I better finish soon.

Wednesday, November 07, 2007

fantasy

I've been having this fantasy recently. I've been wishing for the seasons, a sense of slowness. I've been wishing for cold and snow and a fireplace. I've been thinking of home and soup and my parents and my sister and nephew. I've been craving a hot bath after building bob sled runs and having snowball fights. I've been craving sleepovers with my best of friends, snuggling with lots of blankets and good music and conversation and jerry dog. And there is one place this can all happen. home.

Monday, November 05, 2007

fisty mog

My alarm went off at 4:07 am. A blanket of fisty mog covered the valley. The cold wafted in the bedroom door when I walked into the living room to get ready for work without waking Andrew. I set out my clothes on the couch the night before like I always do, though I inevitably forget my socks and have to root through my drawer without light to find a pair. I expected a shock of cold when I walked out the door with my bike, but it was surprisingly warm. Mist stuck to my eyelashes as I rode to work. I ran every red light in town, not a car in sight.

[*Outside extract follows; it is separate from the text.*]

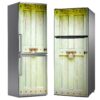 Aprint Decor Adhesivo Decorativo para Nevera con Diseño de Puerta Antigua Color Verde, Varias Medidas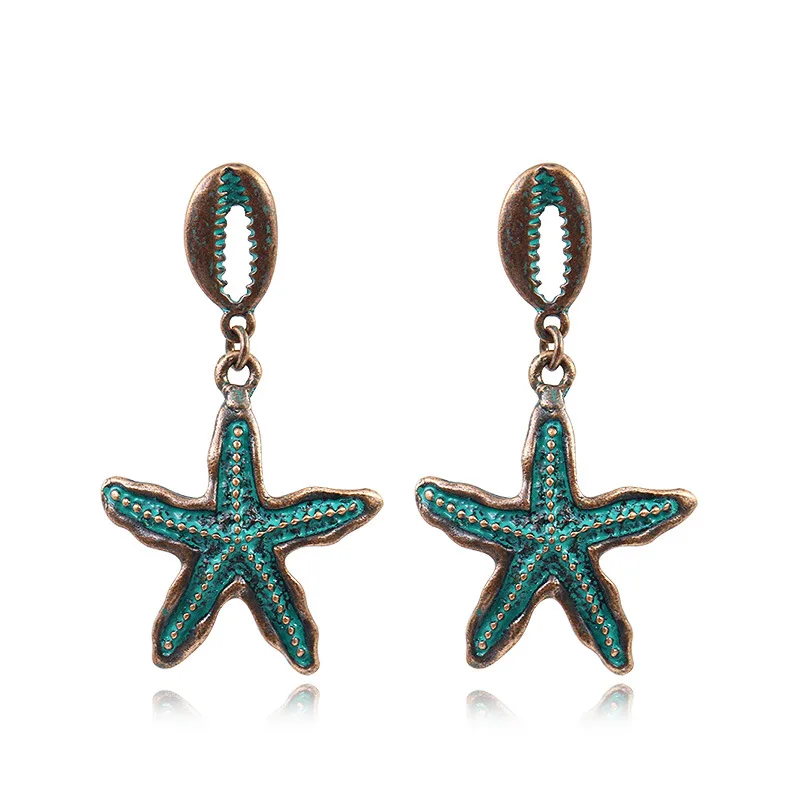 Pendientes colgantes de concha de estrella de mar Vintage para mujer, joyería de declaración Bohemia, pendientes de aleación de latón anticobre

I woke groggy and weary with my head in a vice. I popped the dreaded coveted migraine pill and went to work anyway. Then I giggled at the pills effects after I was over my nausea and vice grips. I get clumsy and forgetful. I once spilled the entire contents of my backpack onto the floor of a public bus after taking one of these pills. Then after collecting all of my belongings from the far ends of the bus, I spilled an entire cup of coffee on the guy in front of me. Fortunately this morning I just felt like I was walking crooked. And forgetting everything.

And when I walked out of work I gave the pear that I had brought for breakfast to a homeless guy outside. And a crazy man played the harmonica and sang in my direction "good morning beautiful" "thank you for the coffee this morning". And a random guy on a cool cruiser bike asked me if I was on my way to school.

Thursday, November 01, 2007

simple action.

A cup of tea. Scent of fresh tabacco and vanilla. Orange ash leaves and good company. A bike ride to a distant coffee shop.

I woke this morning with a good feeling. A good feeling that has been hiding out somewhere. A good feeling that apparently needed to be unearthed by exercise and good friends and warm tea. This morning I fixed us a giant pot pie and shoved it in the fridge to cook for dinner. Then i hopped on my bike to meet up with a new friend.

This friend rocks. She writes short stories that verge on prose. She says 'rad' and sings and dances at work. She flies kites. She rides bikes. and I'm thankful for the ray of sanity in this mess of newness.

And here we are: she is grading papers and I am working on my thesis. And for now, i'm smiling.